Pre-processing of eyes-closed and eyes-open EEG data was performed blinded to group membership, and the methods applied were the same as described in [26]. Briefly, data were filtered between 0.3 and 54 Hz using a second order Butterworth filter, noisy EEG segments and noisy EEG channels were deleted, and independent component analysis was used for artefact removal. The deleted channels were then replaced using spherical spline interpolation, and data were recomputed against the average reference and split into non-overlapping epochs of 2 s. For each participant, the first 45 2-s long artefact-free epochs from the eyes-closed data and the first 45 2-s long artefact-free epochs from the eyes-open data were selected for further analysis.

Alpha reactivity analysis

EEG data from three occipital electrodes (O1, O2, and Oz) were selected for the alpha reactivity analysis (Fig. 2a) [17]. For each electrode separately, the power spectral density (PSD) was estimated using Bartlett’s method with a frequency resolution of 0.25 Hz and a Hamming window. The resulting PSD for the three electrodes was averaged across the 45 epochs and across the three electrodes for each condition separately (eyes open and eyes closed). Alpha reactivity was then calculated according to the following formula [17]:

$$ \mathrm{alpha}\ \mathrm{reactivity}=\frac{\mathrm{alpha}\ \mathrm{power}\ \mathrm{eyes}\ \mathrm{closed}-\mathrm{alpha}\ \mathrm{power}\ \mathrm{eyes}\ \mathrm{open}}{\mathrm{alpha}\ \mathrm{power}\ \mathrm{eyes}\ \mathrm{closed}} $$

where alpha power was computed as the relative power within a frequency bin around the individual alpha peak frequency ± 2 Hz.

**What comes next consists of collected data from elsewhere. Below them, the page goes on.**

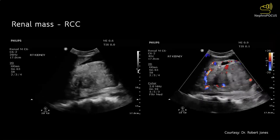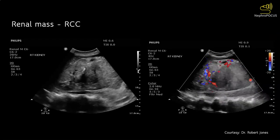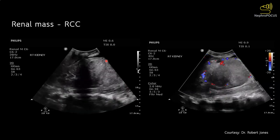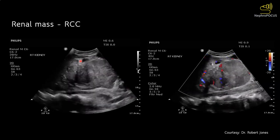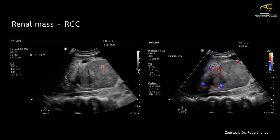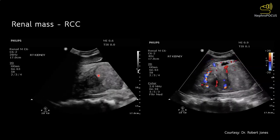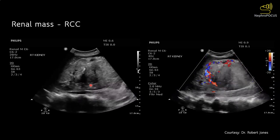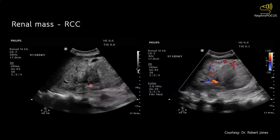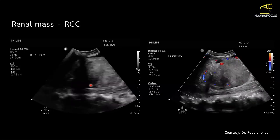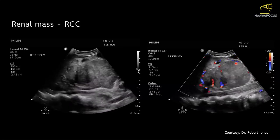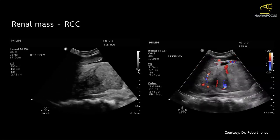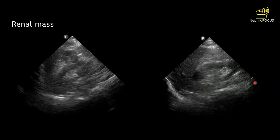Here is another example of a large renal cell carcinoma occupying more than half of the kidney — it is very heterogeneous in echogenicity. This anechoic or hypoechoic area likely corresponds to tumor necrosis. Here is the color Doppler image showing the peripheral distribution of the blood supply.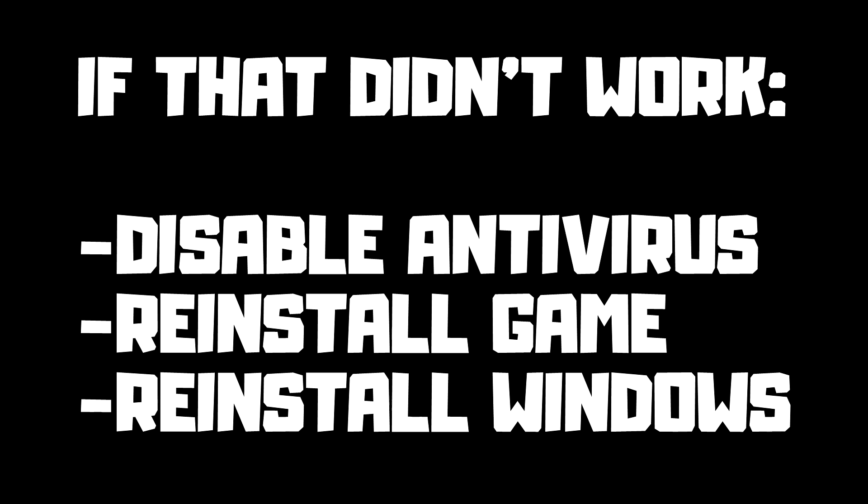If that didn't work, Disable Antivirus, Reinstall Game, Reinstall Windows.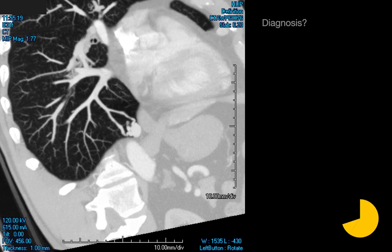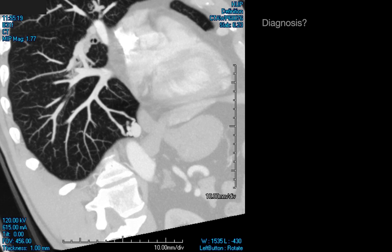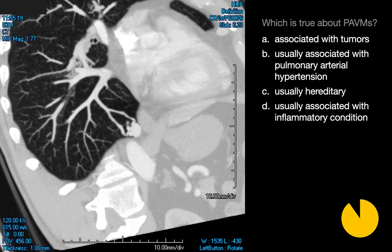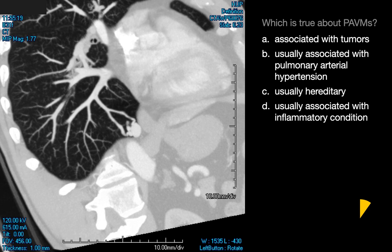We have a relatively well-circumscribed nodular opacity that's avidly enhancing, the same as the adjacent vessel, and it's associated with two rather large blood vessels. Comparing the diameter of these peripheral blood vessels to other vessels at the same peripheral level in the lung, this is a pulmonary arteriovenous malformation. Pulmonary AVMs are not associated with tumors, not usually associated with pulmonary arterial hypertension, and not usually associated with inflammatory conditions. The true statement is that they are usually hereditary.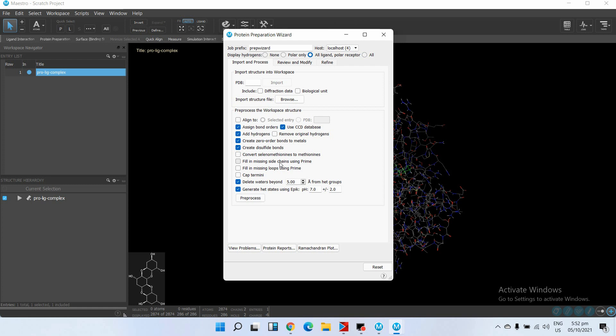So if your protein has missing residues, instead of filling it using Maestro, just go to Modeler. To avoid this long time calculation, you can fill in the missing residues using Modeler. I have already prepared a series of tutorials on how to fill in the missing residues and model proteins using Modeler - that is comparatively less time consuming.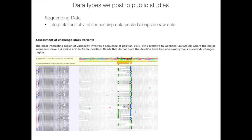We also post sequencing data. As soon as Zika virus infection was established as being a problem, people were sequencing the genome. We also did that — sequencing the Zika virus genome to verify that our challenge stock was a relevant comparator for the circulating strain in Brazil, so that we knew infecting macaques with the Zika virus strain we had in hand was a relevant comparator for what disease progression would be. The study module allows us to post images along with text descriptions of what a sequencing alignment is showing.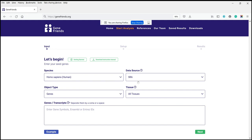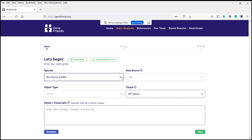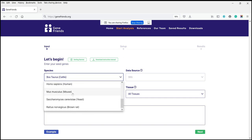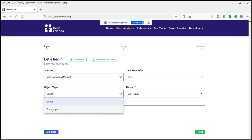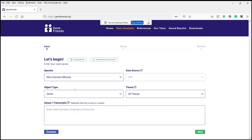For humans, you have different data sources, which I'll come back to in a second. If you use any of the other species, it doesn't give you any options in terms of data source. The only other species for which some further options are available is the mouse. There's no option in data source, but you can choose different types of objects, which are basically genes or transcripts. This is available for humans as well, as I'll show in a few minutes.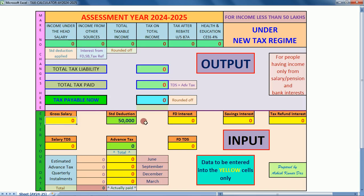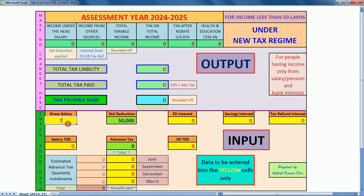You also enter tax refund interest, TDS, and advance tax payments if applicable. The total tax liability, total tax paid, and the tax payable or refundable will be obtained as output, along with estimated advance tax quarterly installments. Let us explain this by entering some hypothetical data in the yellow cells.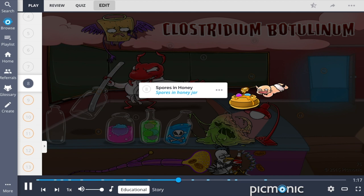In contrast, infant botulism is often associated with consumption of bacteria spores in honey, shown as the spores in the honey jar.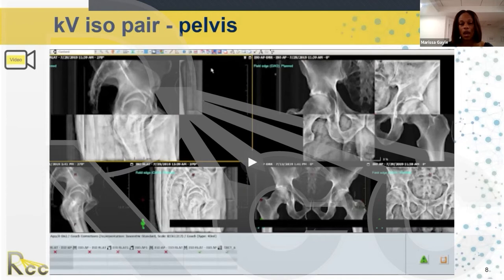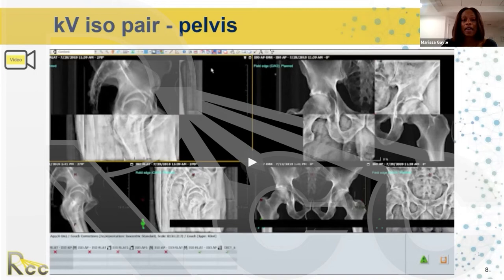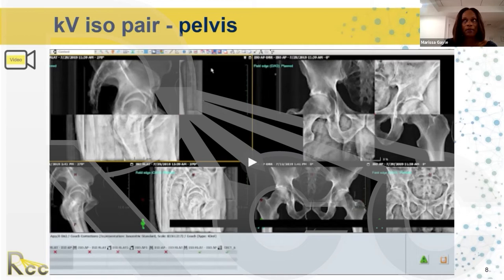It's very important to note the CT SIM. To ensure your matching each day is as accurate as possible, you need a good SIM — a good starting point. Make sure patients have great immobilization devices: for GYN patients, a vac lock with arms above their head especially if treating the paraaortic region. For prostate patients, make sure they don't have bulky clothes, just a gown and sheet on an immobilization device. This greatly increases the ability to reproduce the setup with as little shifts as possible on a daily basis.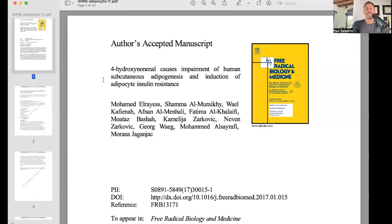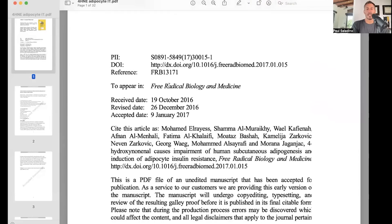Basically what they're saying is that HNE causes impaired adipogenesis. HNE does not allow the fat cells to divide. That leads to hypertrophy and broken fat cells. One more study that shows the exact same thing — its title is '4-hydroxynononal causes impairment of human subcutaneous adipogenesis and induction of adipocyte insulin resistance.' That is the beginning of insulin resistance systemically.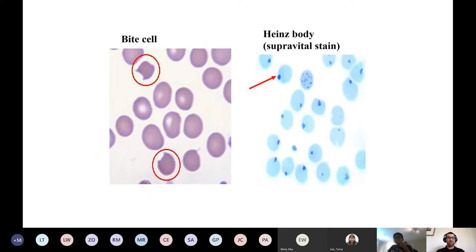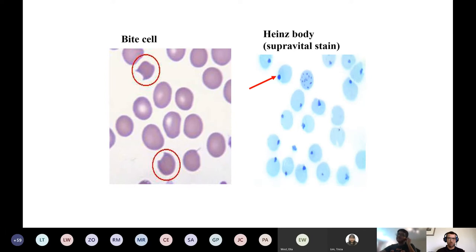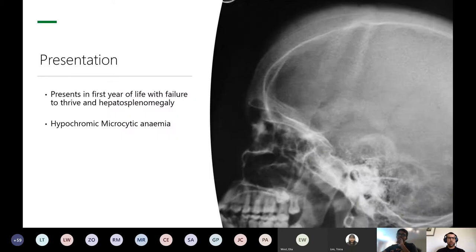Bite cells are what they look like - as if someone has taken a bite out of them. On a supravital stain, Heinz bodies appear as a little blue dot around the cell. Normal red blood cells should look nice and round with no blemishes - as you can see next to the bite cell, the normal ones look round with no blemishes.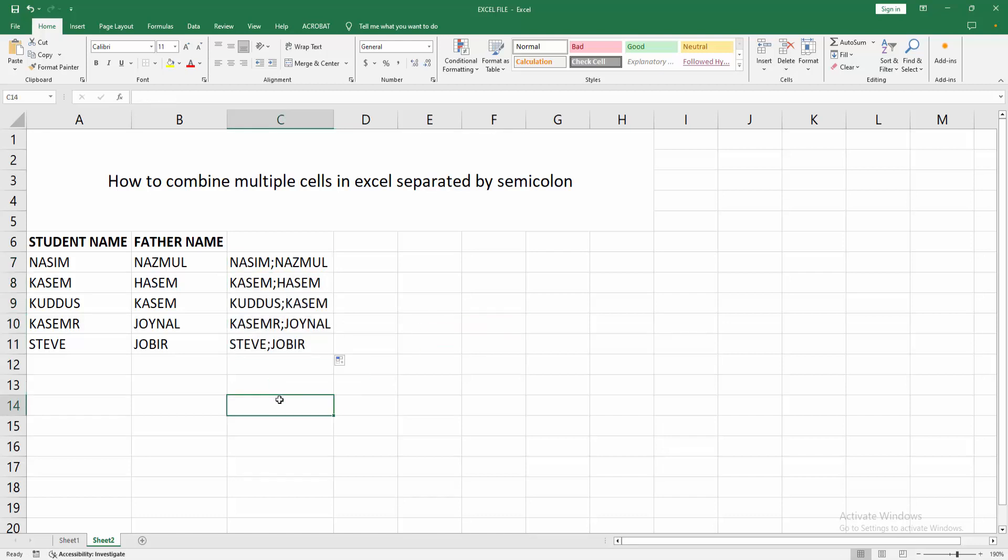Now we can see we combined multiple cells separated by semicolon easily. I hope you enjoyed my video. Please like, comment, share, and subscribe my channel. Thanks for watching.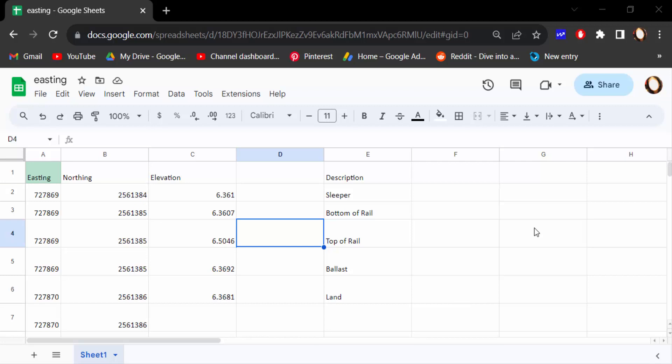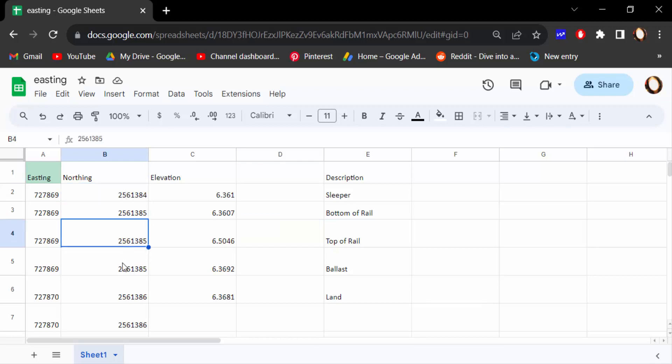Hello everyone, assalamualaikum. In this tutorial today I'll present you how to lock cells in Google Sheets. So let's get started. I open this Google spreadsheet and I want to lock these cells or protect these cells.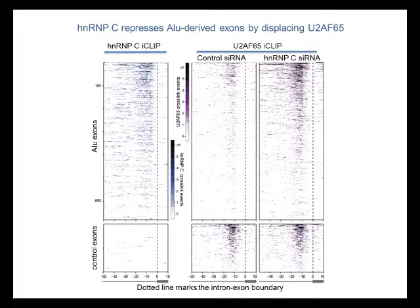The control exons that are present downstream of the ALU elements have very little HNRNPC binding. On the other hand, in purple, we see binding of U2AF65. In control cells, we see very little U2AF65 binding on ALU elements, and significant binding on control exons. But when we remove HNRNPC from the cells, we see a very strong increase of U2AF65 binding to ALU elements, specifically on the exons that are regulated by HNRNPC, but not on the control exons. So we see a general competition between these two factors that is specific for the exons regulated by HNRNPC, which derive from ALU elements.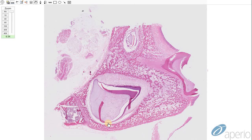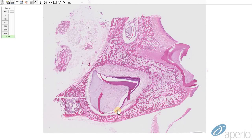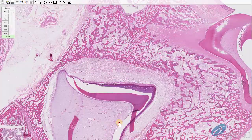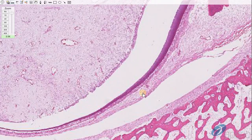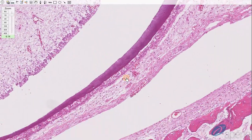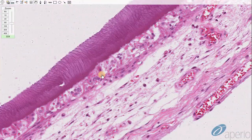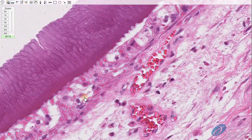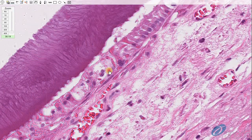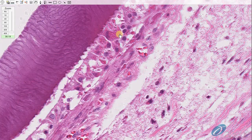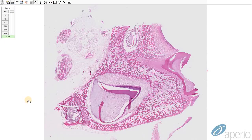Finally, this is a case of enamel hypoplasia secondary to canine distemper viral infection in a dog. At higher magnification, we can see degeneration of ameloblasts with numerous intracytoplasmic inclusions and syncytial cell formation.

Individual alpha peak frequencies were calculated by finding the peak in the PSD in the extended alpha frequency band from 4 to 14 Hz [20] using the eyes-closed data. Individual alpha peak frequencies were used instead of the standard alpha frequency band to account for a shift of the alpha peak to slower frequencies in AD and LBD [26, 27].

MRI acquisition and pre-processing

There were 40 healthy controls, 19 AD, 20 DLB, and 16 PDD participants from the alpha reactivity analysis with structural MRI data. MR images were acquired on a 3-T Philips Intera Achieva scanner with a magnetization prepared rapid gradient echo (MPRAGE) sequence, sagittal acquisition, echo time 4.6 ms, repetition time 8.3 ms, inversion time 1250 ms, flip angle = 8°, SENSE factor = 2, and in-plane field of view 240 × 240 mm2 with slice thickness 1.0 mm, yielding a voxel size of 1.0 × 1.0 × 1.0 mm3.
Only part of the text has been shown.